On Sept. 13, the House Financial Services Committee passed Chairman Jeb Hensarling’s (R-TX) Financial CHOICE Act (H.R. 5983). The bill would repeal substantial portions of the 2010 Dodd-Frank financial reform law and fundamentally restructure a significant number of the regulations administered by federal financial regulators.
Although the Financial CHOICE Act is not expected to advance further in Congress this year, it is likely to serve as a first draft of the House Financial Service Committee's 2017 agenda.
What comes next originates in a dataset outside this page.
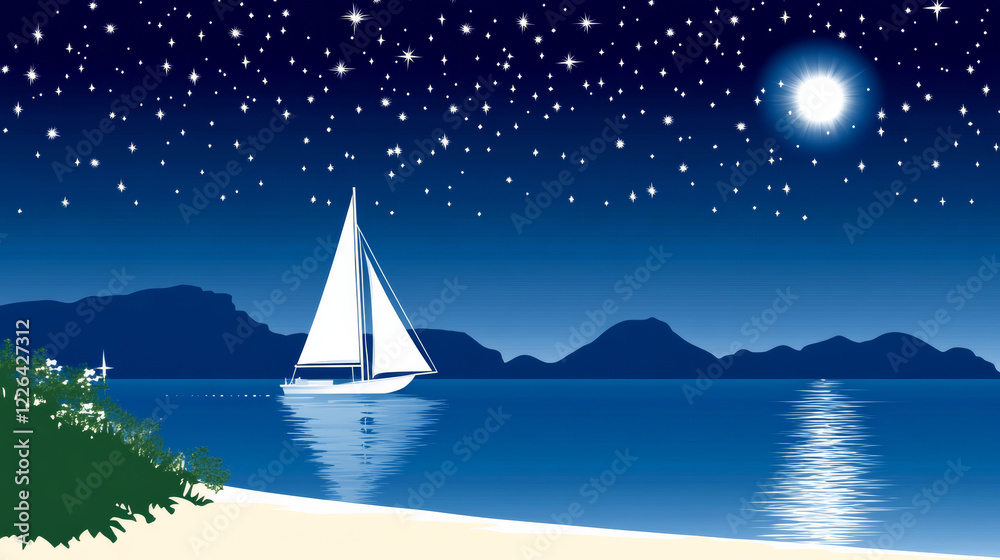 Naklejka premium sailboat glides under starry night sky on tranquil sea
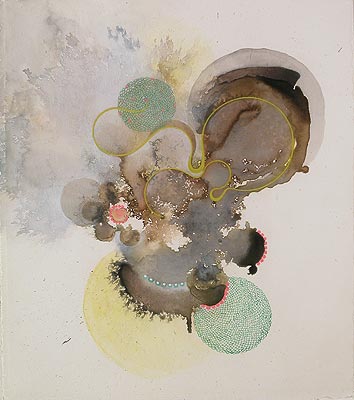 Julie Evans, Umbilcumdom, 2008, acrylic and gouache on paper, 11.5x10 inches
The Financial CHOICE Act includes several provisions with particular relevance to REITs, including measures that would:
- Repeal of the Department of Labor’s (DOL’s) fiduciary rule;
- Repeal the authority of the Financial Stability Oversight Council (FSOC) to designate non-bank financial companies as systematically important financial institutions (SIFIs) and retroactively repeal previous SIFI designations;
- Repeal the FSOC’s authority to impose regulations or standards on particular “risky” activities;
- Convert the Consumer Financial Protection Bureau (CFPB), the Office of Comptroller of Currency (OCC) and the Federal Housing Finance Agency (FHFA) into bipartisan, five-member commissions;
- Require proxy advisory firms to register with the Securities and Exchange Commission (SEC);
- Amend the Investment Company Act of 1940 to raise the leverage limit applicable to Business Development Companies (BDCs) to 2-to-1;
- Exempt all non-residential mortgage asset classes from Dodd-Frank’s risk retention requirements for asset-backed securities;
- Prohibit the SEC from issuing policy statements or other procedural rules without providing for public notice and comment;
- Prohibit federal financial regulators from participating in international regulatory negotiations without providing for public notice and comment;
- Require all of the financial regulators to conduct detailed cost-benefit analysis prior to issuing all new rules; and
- Repeal the doctrine requiring judicial deference to the interpretations of federal financial regulators.